14歳の少女を主人公にした青春文学と思いきや…ちょっと違う。というかそれもあるけどそれだけじゃないって感じ。
少女中心のメインの物語。そして一見なんのつながりもない標準語での独白みたいな物語と交互に展開していく。なんで別々の物語が進行しているのかは読んでのお楽しみ♪
メインの物語は関西弁で書かれている。ぼくは関西弁に馴染みはないけど、この作品では抵抗がないどころか、すごく魅力的に感じた。関西弁うらやましいと感じた。こんなやりとりがうらやましい。
「おう、緑やないけ!」
ほんで、声大きい。
「おっちゃんかぁ、おはよう。」
「おはようちゃうじゃろお前何しとんねやこんな時間に。学校はぁ、なんや創立記念日かなんかか、ちゃうわ沼田のガキランドセル背負って行っとったぞ。ちゃうわ、緑はもう中学生やな。なんやいじめられとんのか、おかあちゃんは知っとんのか。おばあちゃんは。」
どう答えてええんか、分からんわ。
おばあちゃん、お母さん、かなり年上の従姉妹、その従姉妹の娘(4歳)、主人公(14歳の女の子)
という女だけの家庭。ご近所さんたちがしょっちゅう家にあがっておしゃべりして長居する家。とっても幸せそうな空気感を描いている。読んでる途中では本気でうらやましいと思った。
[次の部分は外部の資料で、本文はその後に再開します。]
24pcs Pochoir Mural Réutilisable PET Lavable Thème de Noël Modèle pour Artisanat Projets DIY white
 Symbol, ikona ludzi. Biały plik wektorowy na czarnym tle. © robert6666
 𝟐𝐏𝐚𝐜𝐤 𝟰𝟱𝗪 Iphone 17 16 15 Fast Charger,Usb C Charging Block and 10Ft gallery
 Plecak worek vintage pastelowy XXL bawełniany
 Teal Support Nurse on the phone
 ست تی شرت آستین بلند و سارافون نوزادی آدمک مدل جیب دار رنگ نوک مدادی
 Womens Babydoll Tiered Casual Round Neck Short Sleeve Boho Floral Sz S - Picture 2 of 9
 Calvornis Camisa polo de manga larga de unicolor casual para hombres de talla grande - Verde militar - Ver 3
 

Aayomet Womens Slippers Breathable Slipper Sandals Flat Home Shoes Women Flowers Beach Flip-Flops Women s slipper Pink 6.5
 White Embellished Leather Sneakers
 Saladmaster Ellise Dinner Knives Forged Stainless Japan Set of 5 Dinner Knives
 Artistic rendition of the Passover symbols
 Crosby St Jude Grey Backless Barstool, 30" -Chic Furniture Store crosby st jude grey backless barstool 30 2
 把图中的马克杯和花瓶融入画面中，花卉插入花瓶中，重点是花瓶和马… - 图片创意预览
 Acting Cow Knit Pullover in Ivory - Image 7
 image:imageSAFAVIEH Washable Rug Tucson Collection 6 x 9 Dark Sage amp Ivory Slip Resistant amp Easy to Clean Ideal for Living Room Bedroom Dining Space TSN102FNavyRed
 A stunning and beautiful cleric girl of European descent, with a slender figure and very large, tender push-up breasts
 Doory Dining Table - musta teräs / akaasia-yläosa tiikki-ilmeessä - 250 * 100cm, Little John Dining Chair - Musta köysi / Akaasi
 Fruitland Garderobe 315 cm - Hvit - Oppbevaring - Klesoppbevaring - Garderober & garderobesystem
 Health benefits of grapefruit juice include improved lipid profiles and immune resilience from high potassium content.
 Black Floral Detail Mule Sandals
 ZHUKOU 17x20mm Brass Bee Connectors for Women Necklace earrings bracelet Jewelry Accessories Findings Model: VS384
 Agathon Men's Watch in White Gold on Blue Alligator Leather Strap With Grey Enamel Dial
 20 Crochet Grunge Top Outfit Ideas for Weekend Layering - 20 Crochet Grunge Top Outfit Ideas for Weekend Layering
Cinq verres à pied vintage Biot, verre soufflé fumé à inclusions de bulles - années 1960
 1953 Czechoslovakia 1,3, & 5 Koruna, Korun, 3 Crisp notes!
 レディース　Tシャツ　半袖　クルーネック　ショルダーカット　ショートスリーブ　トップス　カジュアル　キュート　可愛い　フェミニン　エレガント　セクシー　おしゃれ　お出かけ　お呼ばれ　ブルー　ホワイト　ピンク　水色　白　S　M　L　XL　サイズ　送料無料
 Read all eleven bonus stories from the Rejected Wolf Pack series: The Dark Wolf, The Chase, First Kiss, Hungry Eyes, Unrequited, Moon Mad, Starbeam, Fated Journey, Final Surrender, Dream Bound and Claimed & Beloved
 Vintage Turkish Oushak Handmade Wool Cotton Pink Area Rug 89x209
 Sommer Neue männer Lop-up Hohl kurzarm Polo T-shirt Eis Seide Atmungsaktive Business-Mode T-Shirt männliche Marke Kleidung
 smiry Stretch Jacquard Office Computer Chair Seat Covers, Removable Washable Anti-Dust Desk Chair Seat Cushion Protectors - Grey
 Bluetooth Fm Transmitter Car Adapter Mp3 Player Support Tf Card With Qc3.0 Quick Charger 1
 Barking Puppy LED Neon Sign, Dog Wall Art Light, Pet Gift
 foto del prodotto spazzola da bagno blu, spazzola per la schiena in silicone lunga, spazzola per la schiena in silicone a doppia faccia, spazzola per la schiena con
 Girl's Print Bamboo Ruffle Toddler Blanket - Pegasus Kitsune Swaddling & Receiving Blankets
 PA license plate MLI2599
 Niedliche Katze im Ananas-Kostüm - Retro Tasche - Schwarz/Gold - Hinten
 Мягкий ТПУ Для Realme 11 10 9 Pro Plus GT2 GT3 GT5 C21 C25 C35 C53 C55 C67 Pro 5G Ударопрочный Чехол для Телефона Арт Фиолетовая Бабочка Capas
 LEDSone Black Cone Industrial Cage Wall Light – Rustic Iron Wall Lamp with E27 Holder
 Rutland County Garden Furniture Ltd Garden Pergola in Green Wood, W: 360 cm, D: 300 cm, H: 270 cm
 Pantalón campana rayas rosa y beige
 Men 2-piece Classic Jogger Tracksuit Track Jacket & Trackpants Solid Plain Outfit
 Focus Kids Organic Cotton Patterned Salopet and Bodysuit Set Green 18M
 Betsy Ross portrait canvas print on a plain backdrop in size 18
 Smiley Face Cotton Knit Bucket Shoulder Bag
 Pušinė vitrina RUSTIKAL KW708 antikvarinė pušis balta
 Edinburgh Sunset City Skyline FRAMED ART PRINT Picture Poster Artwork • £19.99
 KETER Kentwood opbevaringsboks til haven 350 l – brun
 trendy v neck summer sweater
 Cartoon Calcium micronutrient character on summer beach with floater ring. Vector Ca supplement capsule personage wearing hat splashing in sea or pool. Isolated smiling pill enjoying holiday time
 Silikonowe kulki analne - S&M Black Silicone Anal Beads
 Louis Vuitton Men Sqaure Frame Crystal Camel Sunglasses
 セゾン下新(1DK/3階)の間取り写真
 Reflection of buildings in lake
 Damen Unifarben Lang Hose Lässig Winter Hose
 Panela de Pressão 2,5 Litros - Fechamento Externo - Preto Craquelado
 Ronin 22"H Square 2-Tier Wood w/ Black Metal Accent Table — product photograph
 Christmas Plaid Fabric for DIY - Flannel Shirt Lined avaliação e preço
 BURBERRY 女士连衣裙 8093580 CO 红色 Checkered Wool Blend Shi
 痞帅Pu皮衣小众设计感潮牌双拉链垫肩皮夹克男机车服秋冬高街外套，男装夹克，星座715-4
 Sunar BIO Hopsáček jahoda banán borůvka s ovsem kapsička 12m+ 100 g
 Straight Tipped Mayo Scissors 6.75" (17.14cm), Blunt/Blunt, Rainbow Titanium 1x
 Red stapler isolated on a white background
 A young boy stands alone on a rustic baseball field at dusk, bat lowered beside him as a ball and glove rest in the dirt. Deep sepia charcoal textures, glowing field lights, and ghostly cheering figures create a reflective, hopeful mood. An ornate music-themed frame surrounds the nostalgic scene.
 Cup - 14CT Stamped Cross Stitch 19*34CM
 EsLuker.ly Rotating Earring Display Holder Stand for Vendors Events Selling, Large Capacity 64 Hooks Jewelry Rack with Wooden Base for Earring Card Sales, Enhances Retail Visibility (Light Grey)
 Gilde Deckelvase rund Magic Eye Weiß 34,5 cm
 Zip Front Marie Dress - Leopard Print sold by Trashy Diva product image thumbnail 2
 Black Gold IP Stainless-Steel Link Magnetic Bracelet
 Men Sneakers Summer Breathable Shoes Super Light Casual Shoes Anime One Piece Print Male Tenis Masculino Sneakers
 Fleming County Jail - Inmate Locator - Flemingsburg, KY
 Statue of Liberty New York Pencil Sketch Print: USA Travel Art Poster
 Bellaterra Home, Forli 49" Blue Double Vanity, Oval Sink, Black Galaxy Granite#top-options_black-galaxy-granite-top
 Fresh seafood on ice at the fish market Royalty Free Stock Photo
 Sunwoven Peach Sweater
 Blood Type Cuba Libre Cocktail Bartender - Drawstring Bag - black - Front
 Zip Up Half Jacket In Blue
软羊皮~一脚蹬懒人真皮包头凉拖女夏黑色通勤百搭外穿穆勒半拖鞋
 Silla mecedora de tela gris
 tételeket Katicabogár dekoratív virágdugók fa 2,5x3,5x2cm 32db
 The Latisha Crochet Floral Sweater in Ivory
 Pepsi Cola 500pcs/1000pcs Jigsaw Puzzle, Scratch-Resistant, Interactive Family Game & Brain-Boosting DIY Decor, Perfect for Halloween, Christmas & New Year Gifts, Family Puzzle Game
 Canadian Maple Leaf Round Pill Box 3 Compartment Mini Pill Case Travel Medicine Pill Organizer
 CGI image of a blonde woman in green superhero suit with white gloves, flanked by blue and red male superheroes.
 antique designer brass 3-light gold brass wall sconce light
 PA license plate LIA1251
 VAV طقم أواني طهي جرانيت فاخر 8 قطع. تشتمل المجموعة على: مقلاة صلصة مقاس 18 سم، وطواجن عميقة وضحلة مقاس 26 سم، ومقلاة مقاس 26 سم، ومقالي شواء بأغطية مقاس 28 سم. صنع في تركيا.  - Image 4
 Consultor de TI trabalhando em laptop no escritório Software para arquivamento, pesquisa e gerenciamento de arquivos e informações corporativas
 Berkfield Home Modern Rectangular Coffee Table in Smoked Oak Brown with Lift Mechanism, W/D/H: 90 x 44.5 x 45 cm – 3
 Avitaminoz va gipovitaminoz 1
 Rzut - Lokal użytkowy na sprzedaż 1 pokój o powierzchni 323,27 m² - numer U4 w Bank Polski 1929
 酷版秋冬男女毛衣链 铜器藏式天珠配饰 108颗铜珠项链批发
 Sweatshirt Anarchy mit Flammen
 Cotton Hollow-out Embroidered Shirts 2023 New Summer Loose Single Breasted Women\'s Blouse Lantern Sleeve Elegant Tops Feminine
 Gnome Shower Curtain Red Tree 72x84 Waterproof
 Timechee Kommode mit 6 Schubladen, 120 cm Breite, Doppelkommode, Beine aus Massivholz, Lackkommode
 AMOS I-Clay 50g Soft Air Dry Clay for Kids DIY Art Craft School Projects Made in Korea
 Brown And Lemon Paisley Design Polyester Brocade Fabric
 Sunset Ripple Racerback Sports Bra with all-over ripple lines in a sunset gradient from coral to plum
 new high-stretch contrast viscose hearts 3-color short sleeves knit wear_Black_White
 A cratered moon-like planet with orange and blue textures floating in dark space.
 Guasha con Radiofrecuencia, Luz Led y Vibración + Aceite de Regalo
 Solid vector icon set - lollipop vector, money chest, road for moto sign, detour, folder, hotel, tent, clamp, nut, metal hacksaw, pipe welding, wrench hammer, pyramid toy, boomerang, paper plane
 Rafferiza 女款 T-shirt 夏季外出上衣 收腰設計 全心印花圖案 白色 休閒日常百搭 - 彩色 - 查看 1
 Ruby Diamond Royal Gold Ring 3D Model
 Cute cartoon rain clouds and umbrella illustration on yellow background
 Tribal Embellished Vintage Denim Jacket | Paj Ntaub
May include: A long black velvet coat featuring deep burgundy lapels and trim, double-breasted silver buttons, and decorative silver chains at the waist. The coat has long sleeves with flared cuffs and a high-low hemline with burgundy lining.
でもその幸せそうな空気は最初からあったわけじゃなくて、不幸を経験した上でつくられたもの。そんなことが描かれている。結局「幸せ」は"ある"んじゃなくて"人がつくる"ものなんだなあとしみじみ思えた。
この作品はストーリーよりも文章そのものが味わい深い。例えばこれ。
そろそろ太陽が落ちていく時間や。雪は音を吸いとるいうけど、うちは夕方の太陽もそうやと思う。少しずつ姿を隠す代わり、昼間そこいら中にあったたくさんの音を、お土産に持っていってまう。音がどんどん減っていって、光もどんどん減っていって、それでうちらの心も、夜を迎える準備をする。静かな気持ちになって、それで、目ぇや耳や鼻以外を使う感覚を、思い出し始める。ああ、人を思う気持ちってこんなんやったんやとか、あの人はどないしてるやろうとか、心の中の出来事が増えてくる。夜はそれを知ってるから、その間中、うちらをそっとしておいてくれる。
ぎゅう、と眩しくなった。薄目を開けると、音の代わりに、太陽がオレンジを残していってる。
イイ!
なんか物語の世界に入り込んで読んでるときと違って、こうやって一部抜粋すると魅力が全然伝わらない気がしちゃうけど…
ぼくは「猫が喉をゴロゴロ」という表現に昔から違和感を持ってる。「ゴロゴロ」じゃなくて「グルグル」じゃないかとずっと思ってる。そしたらこの本に「ぐるぐる」って書いてあった!
白黒のブチ猫が擦り寄ってきた。喉を撫でてやると、ぐるぐると気持ち良さそうに鳴いた。
うれしかった。
この作品は色や音や匂いを絶妙な文章で表現してくれている。文章によって、言葉にできないハッとしたなんとも言えない感じをたくさんもらえる。
しかも、幸せはどこかにあるんじゃなくて自分がつくるものなんだということも感じさせてくれる。
読み終わって振り返ると、不幸をたくさん描いてるんだけど、読後感はいい。
純文学寄りの作品に抵抗がない方には文句なしで勧められる作品だ。
"上下巻のようで、実は内容は違っていて、でもどこかで繋がっている"もう1冊「こうふく あかの」という作品がある。こっちも抜群におもしろい。